::: Dataset records
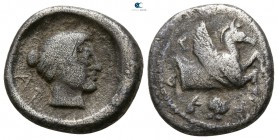Calabria. Tarentum circa 470-450 BC. Half Nomos - Drachm AR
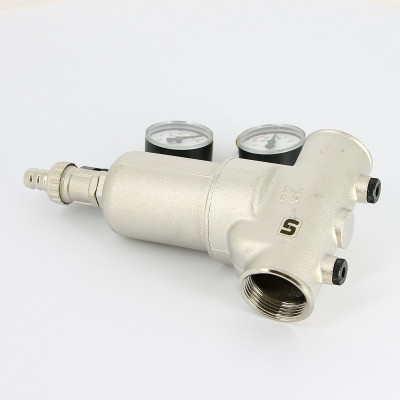 Фильтр промывной Uni-Fitt ВВ 1" со сливным шаровым краном и 2 манометрами, 300 мкм, никелированный (216N4030)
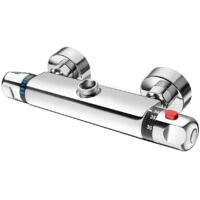 Robinet mitigeur thermostatique de douche et de baignoire avec corps de poignée orienté vers le haut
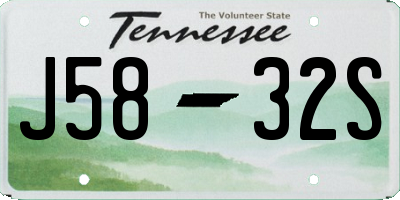 TN license plate J5832S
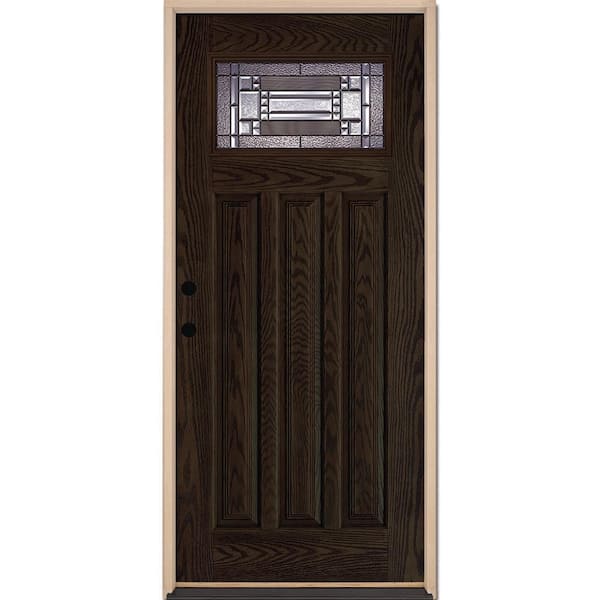 Feather River Doors 37.5 in. x 81.625 in. Preston Patina Craftsman 1/4 Lite Stained Walnut Oak RH Inswing Fiberglass Prehung Front Door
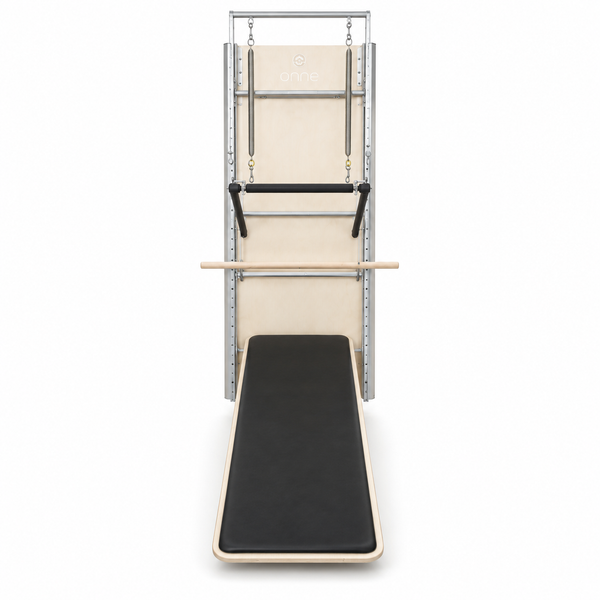 Elina Pilates Wall Board ONNE front view with birch wall panel, springs, push-through bar and inclined mat board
::::::
• What this task involves:
Copy out all the data without changing anything, and drop the pictures.

• Answer box:
Calabria. Tarentum circa 470-450 BC. Half Nomos - Drachm AR
 Фильтр промывной Uni-Fitt ВВ 1" со сливным шаровым краном и 2 манометрами, 300 мкм, никелированный (216N4030)
 Robinet mitigeur thermostatique de douche et de baignoire avec corps de poignée orienté vers le haut
 TN license plate J5832S
 Feather River Doors 37.5 in. x 81.625 in. Preston Patina Craftsman 1/4 Lite Stained Walnut Oak RH Inswing Fiberglass Prehung Front Door
 Elina Pilates Wall Board ONNE front view with birch wall panel, springs, push-through bar and inclined mat board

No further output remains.